Matthew Nokleby received the B.S. and M.S. degrees from Brigham Young University, Provo, UT, in 2006 and 2008, respectively, and the Ph.D. degree from Rice University, Houston, TX, in 2012, all in electrical engineering. From 2013-2015 he was a post-doctoral research associate at the Information Initiative @ Duke, a multidisciplinary data science initiative. In 2015 he joined Wayne State University, where he is now an assistant professor of Electrical and Computer Engineering. He has authored or coauthored numerous journal and conference papers on the topics of distributed signal processing, wireless communications, network information theory, and machine learning. Prof. Nokleby received the Texas Instruments Distinguished Fellowship (2008-2012) and the Best Dissertation Award (2012) from the Department of Electrical and Computer Engineering at Rice University. He is a member of the IEEE Signal Processing, Information Theory, and Communications Societies.

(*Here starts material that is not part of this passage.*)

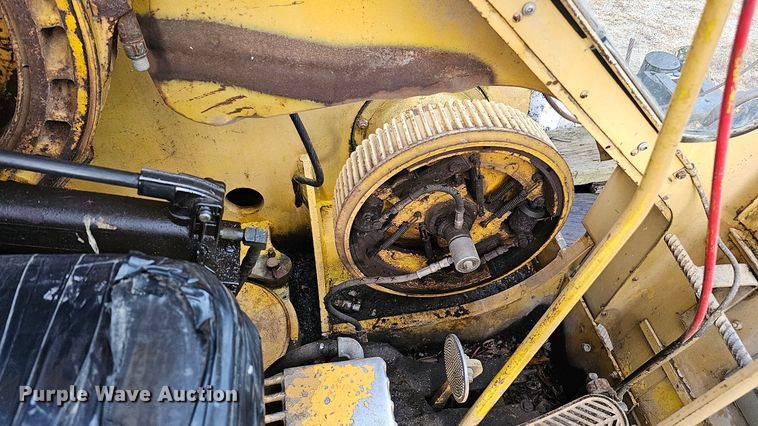 image for item DQ1120 1971 P&H Crane 430ATC-8X4  crane truck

Title: Convergence Rates in Decentralized Optimization
The widespread availability of copious amounts of data has created a pressing need to develop optimization algorithms which can work in parallel when input data is unavailable at a single place but rather spread throughout multiple locations. In this talk, we consider the problem of optimizing a sum of convex (not necessarily differentiable) functions in a network where each node knows only one of the functions; this is a common model which includes as particular cases a number of distributed regression and classification problems. Our main result is a distributed subgradient method which simultaneously achieves the optimal scalings both with time and the network size for this problem.
Alex Olshevsky is an assistant professor at the ECE at Boston University. He received a B.S. in applied mathematics and electrical engineering from Georgia Tech in 2004, and an M.S. and PhD from MIT in 2006 and 2010, both in electrical engineering and computer science. Previously, he was a postdoctoral scholar at Princeton University and an assistant professor at the University of Illinois, Urbana-Champaign. He is a recipient of the NSF CAREER Award, the Young Investigator award from the Air Force, two best paper awards from SIAM and INFORMS, and three awards for teaching/advising during his time at the University of Illinois. His research interests focus on control and optimization, especially for large-scale, multi-agent, and networked systems.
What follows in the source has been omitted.